Tihar follows the Hindu lunisolar calendar, so its dates track the moon's phases rather than fixed solar dates. The festival is anchored to specific tithis in the month of Kartik, which drift relative to the Gregorian calendar each year. That is why Tihar lands anywhere from mid-October to mid-November.
What is the difference between Tihar and Deepawali?

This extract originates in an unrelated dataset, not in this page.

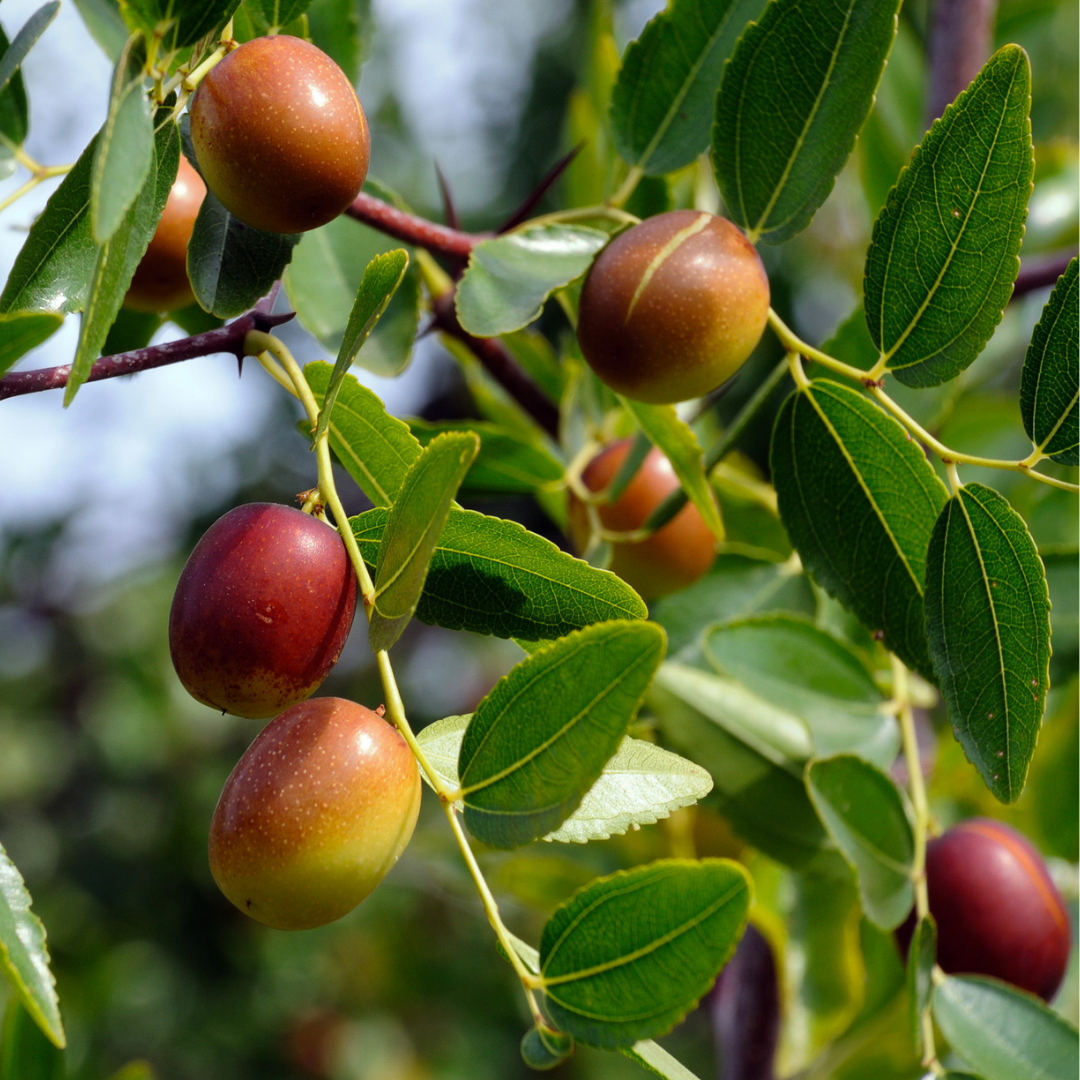 Jojoba Seed Oil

They are the same festival of lights, but the names reflect regional and cultural framing. Nepalis most often say Tihar, while Deepawali (or Diwali) is the broader South Asian name. In Nepal the festival keeps its distinctive five-day animal-honouring structure, Mha Puja and Bhai Tika, which sets it apart from Diwali elsewhere.
What is deusi-bhailo?
Deusi-bhailo is the door-to-door singing tradition of Tihar, performed around Laxmi Puja and the following days. Groups visit homes singing blessing songs, and households reward them with money, sweets and fruit. Bhailo is traditionally sung by girls and deusi by boys, though mixed groups and charity collections are common today.
Why are crows and dogs worshipped during Tihar?
Both animals are linked to Yama, the god of death. The crow is seen as Yama's messenger, so feeding it on Kaag Tihar wards off bad news. The dog guards Yama's gate and symbolises loyalty, so it is garlanded and honoured on Kukur Tihar. The sequence reflects respect for all living beings.